# WORK TASK:
Your answer should be exactly the lines from the one that contains "AIREX Fitline 180" through the final line of the entries below, and nothing else.

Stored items

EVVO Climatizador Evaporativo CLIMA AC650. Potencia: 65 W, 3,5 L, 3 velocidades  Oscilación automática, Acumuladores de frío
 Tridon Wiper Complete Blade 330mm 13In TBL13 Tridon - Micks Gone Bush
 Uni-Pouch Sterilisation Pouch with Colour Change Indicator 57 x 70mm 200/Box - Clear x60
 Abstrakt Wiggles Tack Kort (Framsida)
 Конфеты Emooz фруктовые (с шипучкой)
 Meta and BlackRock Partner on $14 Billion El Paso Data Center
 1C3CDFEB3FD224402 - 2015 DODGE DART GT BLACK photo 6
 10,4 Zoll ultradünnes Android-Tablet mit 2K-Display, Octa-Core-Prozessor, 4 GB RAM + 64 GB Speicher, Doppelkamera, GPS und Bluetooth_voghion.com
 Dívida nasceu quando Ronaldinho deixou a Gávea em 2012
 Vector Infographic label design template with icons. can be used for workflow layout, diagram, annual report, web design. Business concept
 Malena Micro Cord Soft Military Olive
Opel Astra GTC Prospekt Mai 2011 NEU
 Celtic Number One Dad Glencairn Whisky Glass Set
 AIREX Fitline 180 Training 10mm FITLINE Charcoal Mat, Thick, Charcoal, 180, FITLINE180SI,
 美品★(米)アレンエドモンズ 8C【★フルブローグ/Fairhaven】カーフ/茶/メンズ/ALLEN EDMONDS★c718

# ANSWER SPACE:
 AIREX Fitline 180 Training 10mm FITLINE Charcoal Mat, Thick, Charcoal, 180, FITLINE180SI,
 美品★(米)アレンエドモンズ 8C【★フルブローグ/Fairhaven】カーフ/茶/メンズ/ALLEN EDMONDS★c718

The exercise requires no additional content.